What makes plastic so popular? Unlike natural materials such as wood and glass, plastic is lightweight. It’s also cheap and durable.
But the very qualities that make plastic so useful to us also make it incredibly dangerous to the environment. Plastic doesn’t just go away. Instead, it breaks down into tiny pieces over time. And those pieces will stick around for hundreds—or perhaps even thousands—of years.
For decades, people have sipped from plastic straws and toted groceries in plastic bags without a second thought. And all that plastic—much of it used only once—has added up. Worldwide, we’ve produced a staggering 9.2 billion tons of plastic since the 1950s. (Think of it this way: One of the heaviest statues in the United States, the Statue of Liberty, weighs 225 tons.)

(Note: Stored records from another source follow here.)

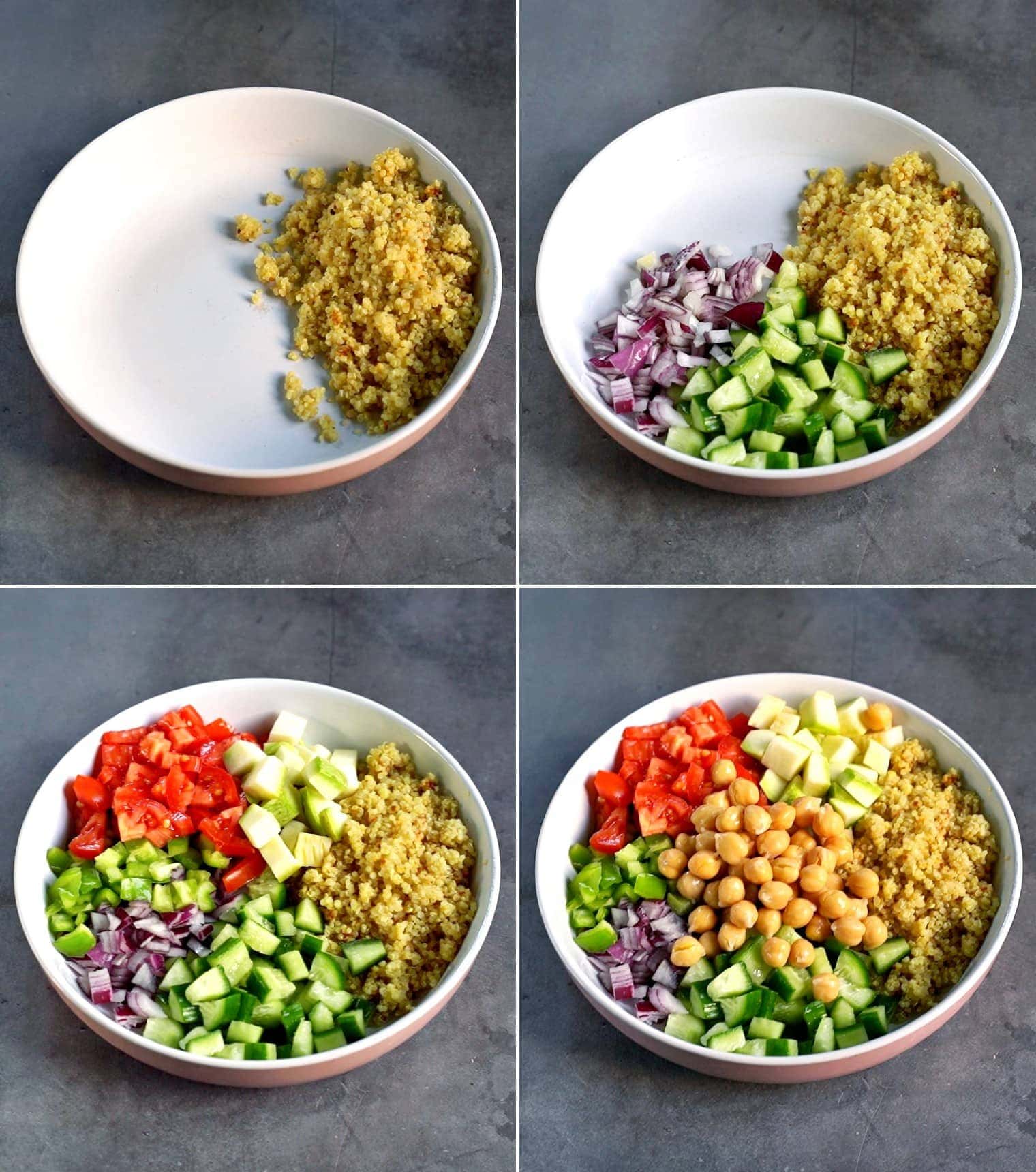 bunte Salatbowl wird in Schale zusammengestellt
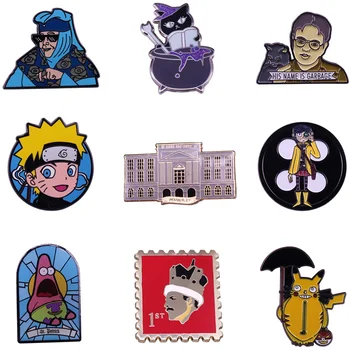 

20pcs/lot A3827 Patchfan Tv Show Character Brooches Anime Naruto Pins Icon Enamel Pins Badges Cartoon Cat Jewelry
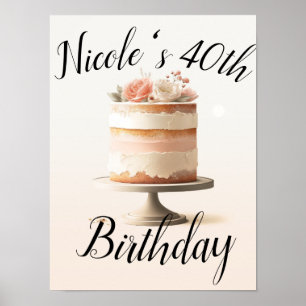 Elegant Blush Peach Floral Cake Birthday Party Poster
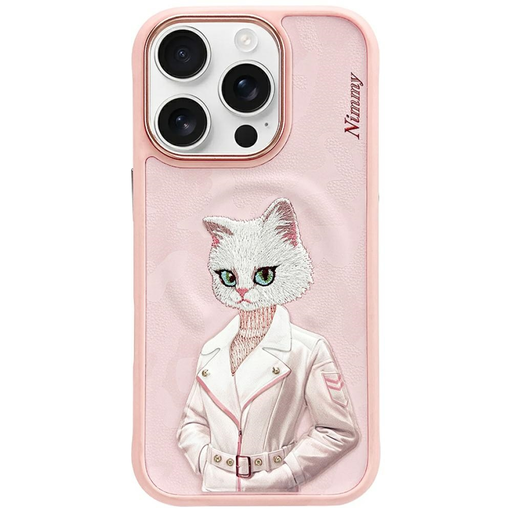 iPhone 16 Pro Max Nimmy Mágneses Divatos Aranyos Kisállat tok rózsaszín tok
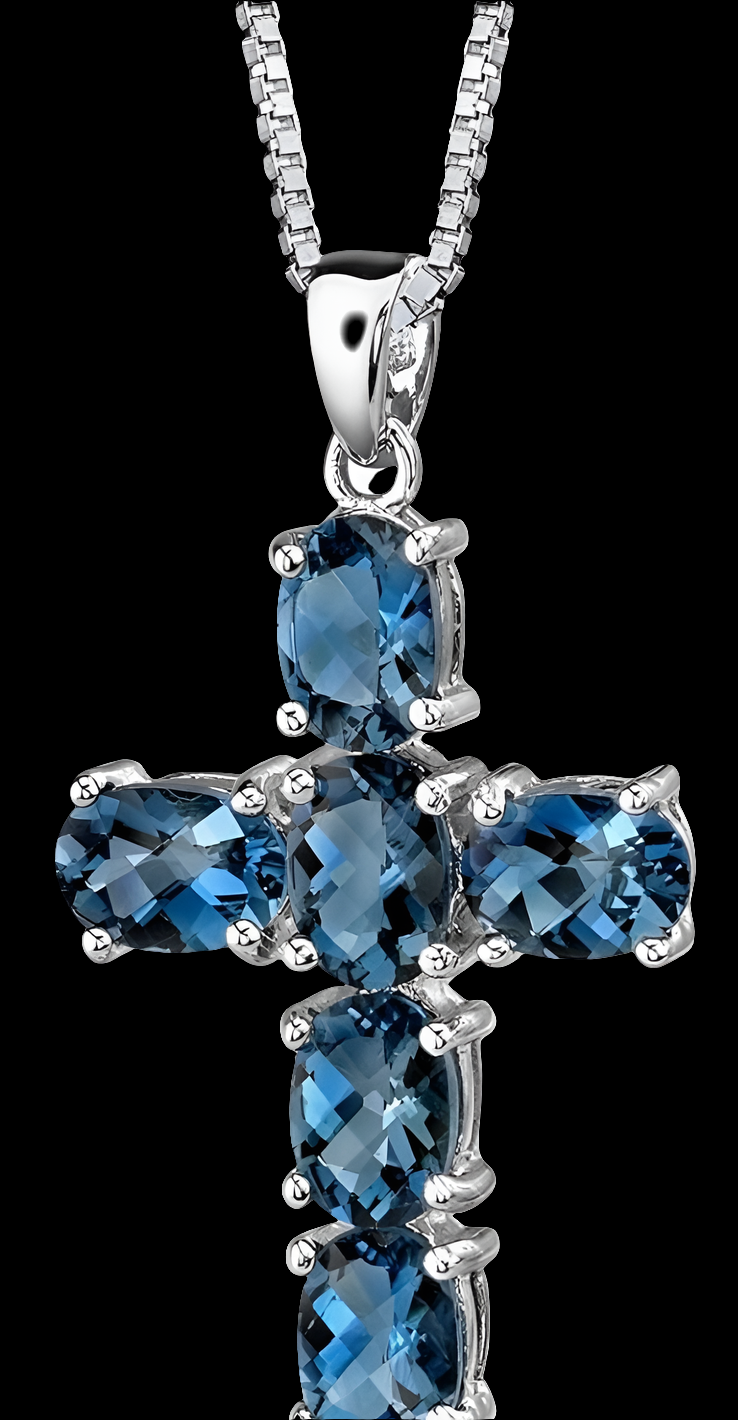 Genuine London Blue Topaz Cross Pendant Necklace for Women 925 Sterling Silver, December Birthstone, 6 Carats total Oval Shape, with 18 inch Chain, Blue Stone Necklace, Jewelry Gift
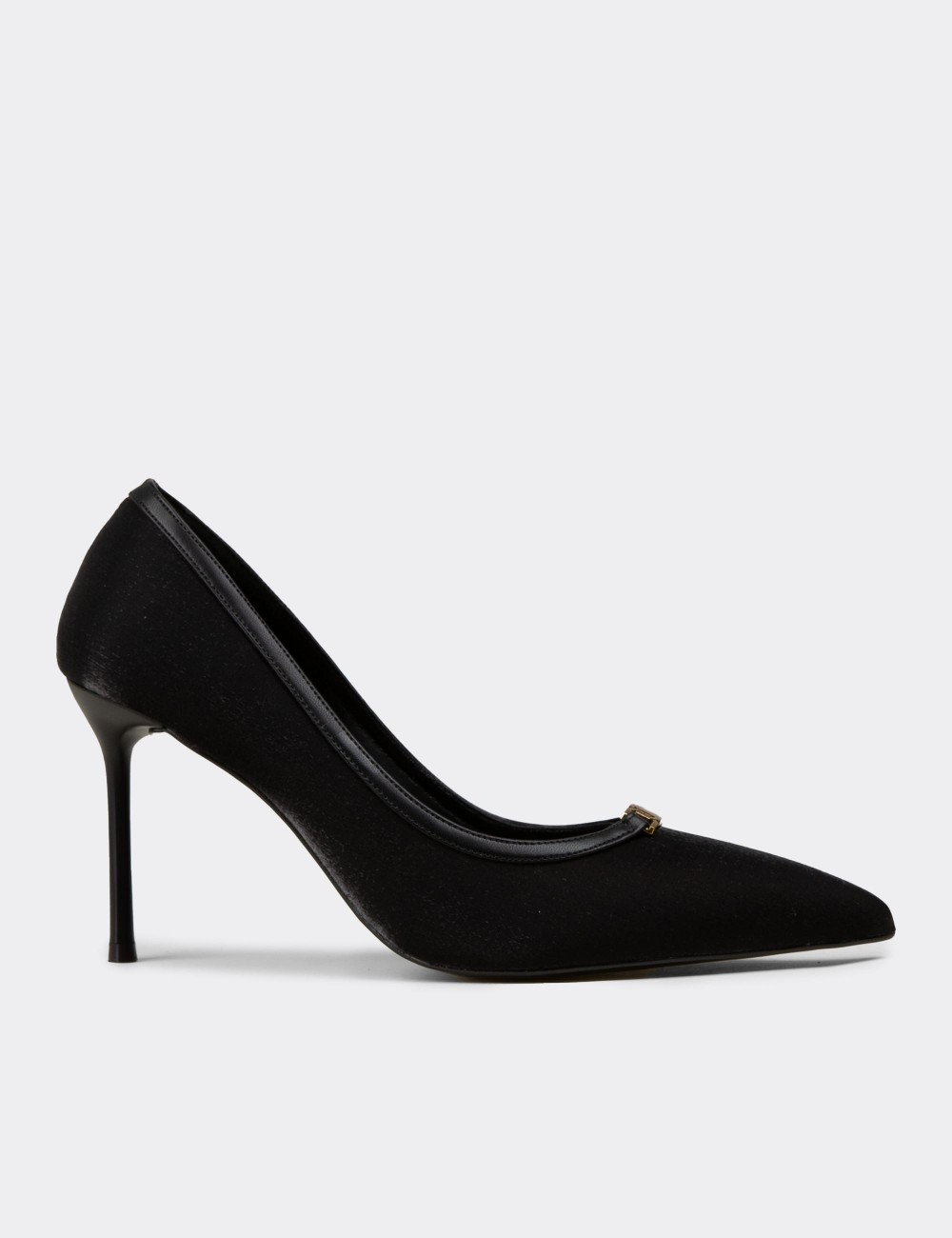 Women's Black Textured Stiletto - V0T30ZSYHM01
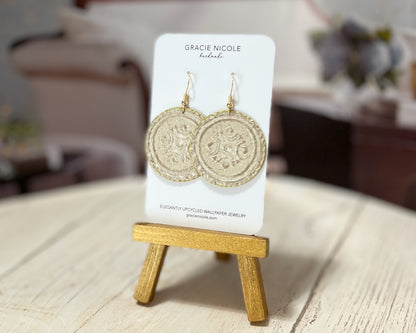 Pearly Gold Medallion Earrings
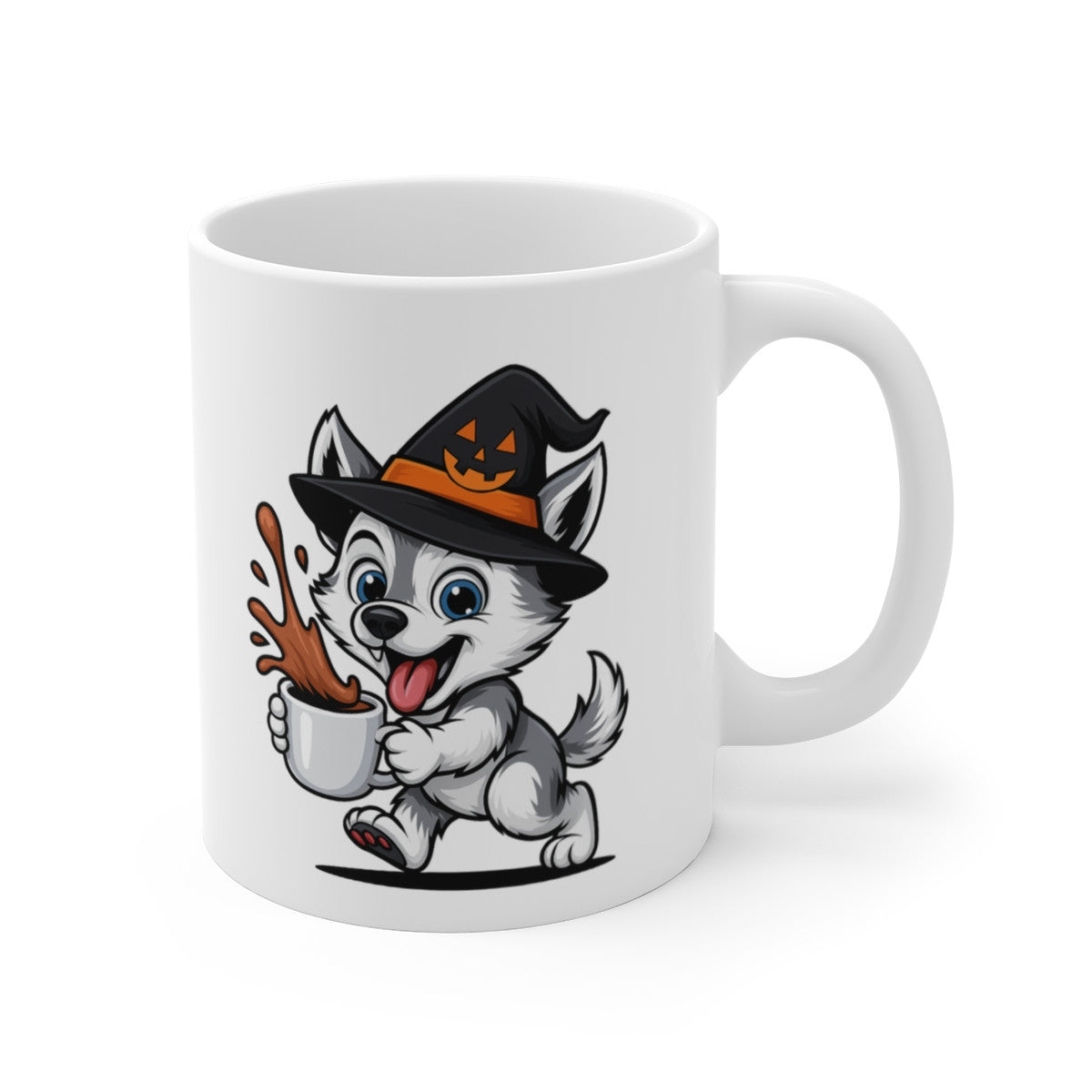 Mug Loup Sorcier Café – Tasse Céramique 325ml – Illustration Animalière Drôle Halloween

Where does all our discarded plastic go? Only a small amount of it is ever recycled. Much of the rest ends up in the ocean, threatening the lives of the creatures that inhabit its waters.
The problem is massive—and projected to get worse. “The amount of plastic produced is growing more and more rapidly,” warns Ted Siegler, a global waste management expert. By 2050, it’s estimated that we’ll have created 13 billion tons of plastic waste.
That’s why, around the globe, individuals, companies, and even entire countries are working to reduce their plastic usage. But will those efforts be enough?